Ma questi sono i termini – magari sgangherati – di un serio duello geo-politico. In questa epoca di scarso appeal comunicativo, giornali e commentatori avidi di una scossa di adrenalina hanno rispolverato il timore o l’augurio di una “nuova guerra fredda.” Considerato il livello delle reciproche accuse, sarebbe forse più opportuno parlare di “guerra dei bottoni”, con riferimento a un delizioso film da bambini che ci ha appassionato quando eravamo – appunto –bambini.
È un fatto che il fuocherello della nuova guerra fredda si è subito spento, forse per mancanza di combustibile, forse per rispetto dei duellanti, che sono – lo vedete – due attempati signori. Gli insiders spiegano poi i retroscena del violento scambio di accuse. Nel nuovo scenario di multilateralismo, il presidente americano ha voluto mettere in guardia gli alleati europei contro le sirene orientali. In particolare bocciando l’ipotesi del North Stream, il gasdotto tra Russia e Germania: una nuova “via della seta” con cui il Cremlino tenta di spostare verso Ovest le sue pedine della sfida planetaria.
Se questa è la posta in gioco, si capiscono bene le reciproche rudezze. Ma permettete: qui c’è un problema di stile, figlio dei nostri giorni sgangherati. Ai tempi della guerra fredda i messaggi erano ben più essenziali e dignitosi.

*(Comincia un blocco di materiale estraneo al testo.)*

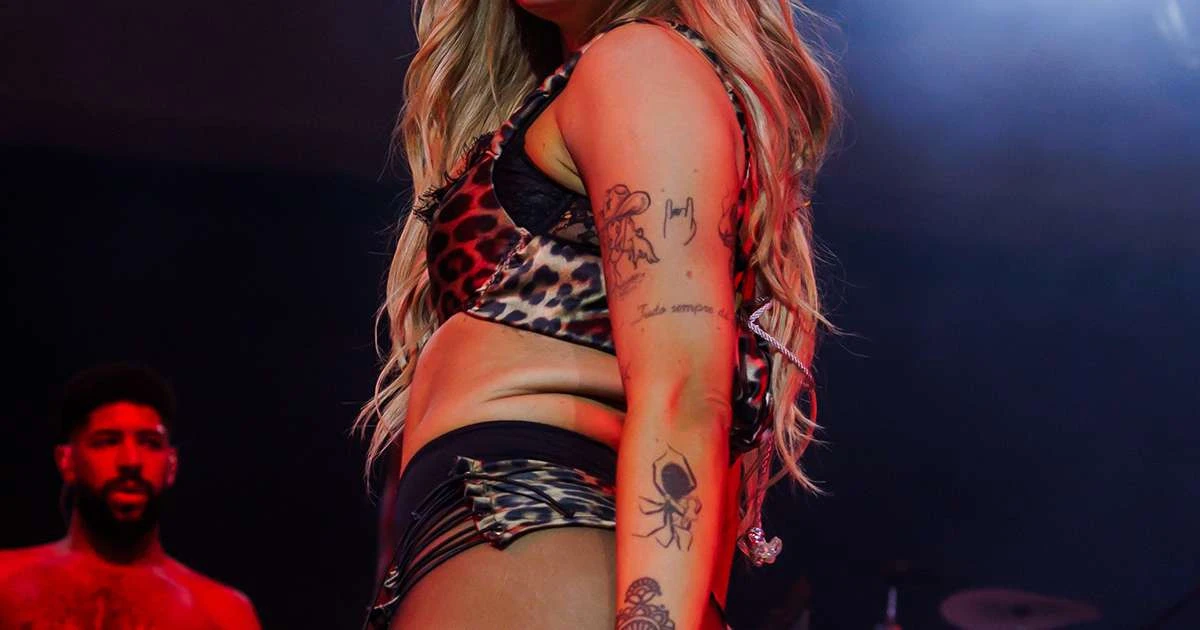 Luísa Sonza prepara setlist e visuais especiais para SeráQAbre? no Village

Per dirne una, i sovietici e i tedeschi dell’Est ci misero una sola notte – tra il 12 e il 13 di agosto del 1961 – a dividere in due la città di Berlino, e senza avvertire nessuno. E quando Jack Kennedy volle contestare l’affronto, il 26 giugno 1963, si spostò personalmente ai piedi del Muro per pronunciare quello che è passato alla storia come l’atto di fede dell’Occidente democratico: Ich bin ein Berliner, “io sono un cittadino di Berlino”.
Ai laudatori del tempo antico, bisogna tuttavia ricordare che anche la guerra fredda fu epoca di “miseria e nobiltà. Per esempio Richard Nixon diede fuori di matto quando – forse stressato dalle lentezze del dialogo est-ovest – minacciò una pioggia di bombe atomiche sulle capitali dell’impero del male, da Mosca a Pechino. L’uscita fu così improvvida e fuor di misura che – nel tentativo di nobilitarla – fior di politoligi americani coniarono quella che ancor oggi nei manuali di scienza politica viene definita la “teoria del pazzo”: the madman theory.
E ancor prima: che dire della rissa che andò in scena nell’austero auditorium del Palazzo di vetro, il 12 ottobre 1960, durante i lavori della quindicesima sessione generale dell’Onu? In quell’occasione, indispettito dalle critiche, l’altrimenti bonario a accomodante Nikita Krusciov perse letteralmente le staffe. Si tolse una scarpa – una robusta scarpa sovietica – e la sbattè ripetutamente sul banco, pronunciando espressioni che gli interpreti simultanei si rifiutarono di tradurre.